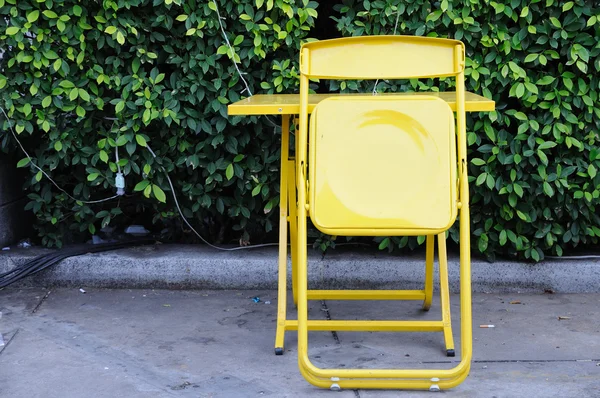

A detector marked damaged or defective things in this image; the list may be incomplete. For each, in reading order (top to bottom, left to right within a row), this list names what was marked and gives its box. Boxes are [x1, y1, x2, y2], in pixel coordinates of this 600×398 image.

pavement crack [30, 290, 51, 314]
pavement crack [318, 300, 338, 344]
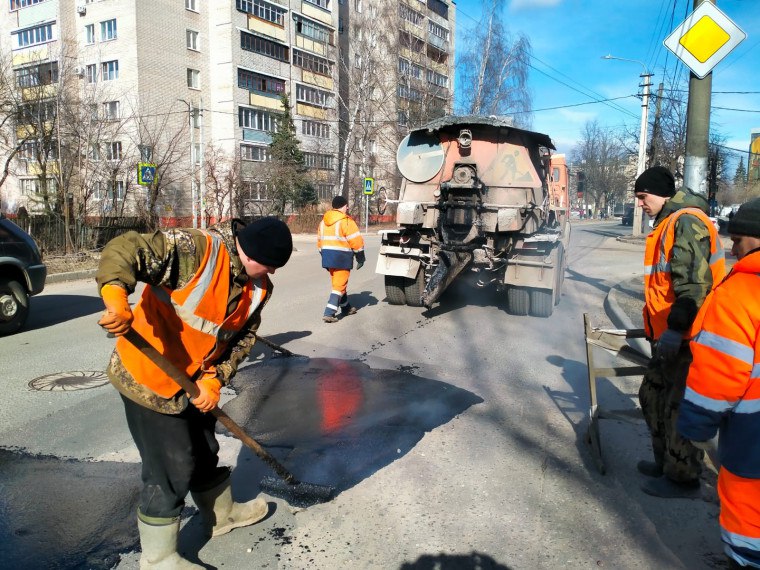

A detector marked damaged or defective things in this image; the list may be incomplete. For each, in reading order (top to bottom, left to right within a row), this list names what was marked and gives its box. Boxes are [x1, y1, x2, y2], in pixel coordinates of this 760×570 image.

pothole [28, 368, 110, 390]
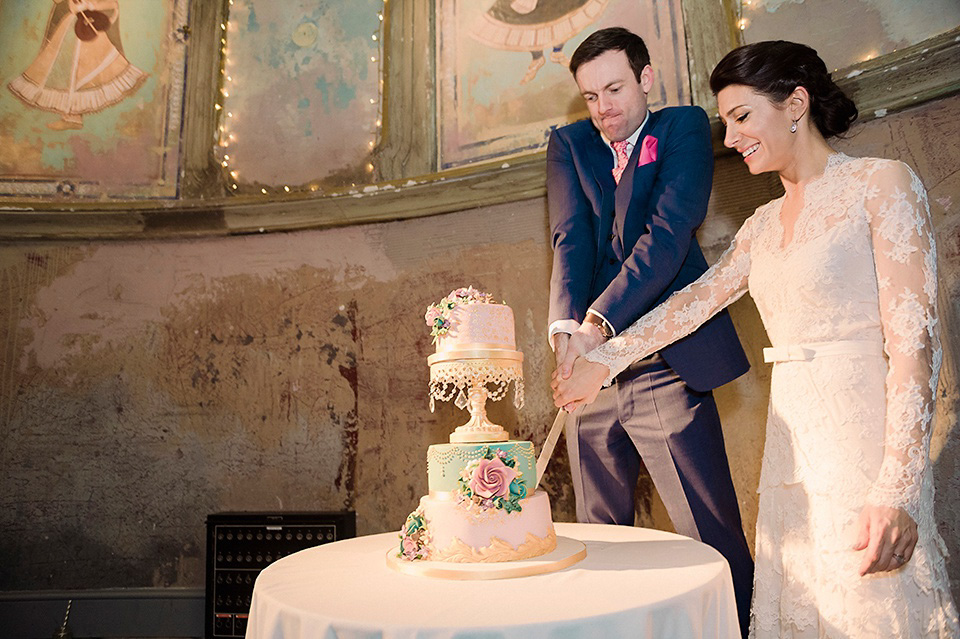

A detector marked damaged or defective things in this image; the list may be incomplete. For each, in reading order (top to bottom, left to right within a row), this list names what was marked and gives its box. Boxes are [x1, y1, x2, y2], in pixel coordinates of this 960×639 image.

peeling painted wall [0, 95, 956, 604]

☆ ☆ ☆

Return only what lies between the line containing "this 760×570 image." and the last line of the listing, those two lines included, exactly as written and with no pictures.

A detector marked damaged or defective things in this image; the list may be incomplete. For each, in reading order (top to bottom, left to right within a row), this list names what was marked and gives its box. Boxes are [x1, y1, x2, y2], in pixel coordinates of this 760×570 image.

pothole [28, 368, 110, 390]

A detector marked damaged or defective things in this image; the list may be incomplete. For each, in reading order (top to bottom, left to right within a row), this list names what was marked and gives its box. Boxes are [x1, y1, x2, y2], in pixel coordinates of this 960×639 image.

peeling painted wall [0, 95, 956, 604]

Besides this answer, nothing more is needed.